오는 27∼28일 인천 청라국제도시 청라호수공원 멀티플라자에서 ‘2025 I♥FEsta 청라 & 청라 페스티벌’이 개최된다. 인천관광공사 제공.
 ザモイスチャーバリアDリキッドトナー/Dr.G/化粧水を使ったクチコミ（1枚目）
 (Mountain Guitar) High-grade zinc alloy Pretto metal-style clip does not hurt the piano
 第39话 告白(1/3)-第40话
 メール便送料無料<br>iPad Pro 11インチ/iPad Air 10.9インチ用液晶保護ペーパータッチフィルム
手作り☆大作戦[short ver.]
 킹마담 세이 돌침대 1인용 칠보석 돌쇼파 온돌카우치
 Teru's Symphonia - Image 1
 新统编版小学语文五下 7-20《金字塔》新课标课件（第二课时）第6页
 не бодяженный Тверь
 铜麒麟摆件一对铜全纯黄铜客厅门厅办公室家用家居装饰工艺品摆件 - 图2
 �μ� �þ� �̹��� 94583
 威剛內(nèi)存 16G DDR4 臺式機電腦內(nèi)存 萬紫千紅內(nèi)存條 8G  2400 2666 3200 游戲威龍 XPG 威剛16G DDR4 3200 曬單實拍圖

──────

» **What you need to do**: What must be transcribed is the run of lines from the one containing "铜麒麟摆件一对铜全纯黄铜客厅门厅办公室家用家居装饰工艺品摆件 - 图2" to the last line of the data above, inclusive, and only that.

» **Solution below**:
 铜麒麟摆件一对铜全纯黄铜客厅门厅办公室家用家居装饰工艺品摆件 - 图2
 �μ� �þ� �̹��� 94583
 威剛內(nèi)存 16G DDR4 臺式機電腦內(nèi)存 萬紫千紅內(nèi)存條 8G  2400 2666 3200 游戲威龍 XPG 威剛16G DDR4 3200 曬單實拍圖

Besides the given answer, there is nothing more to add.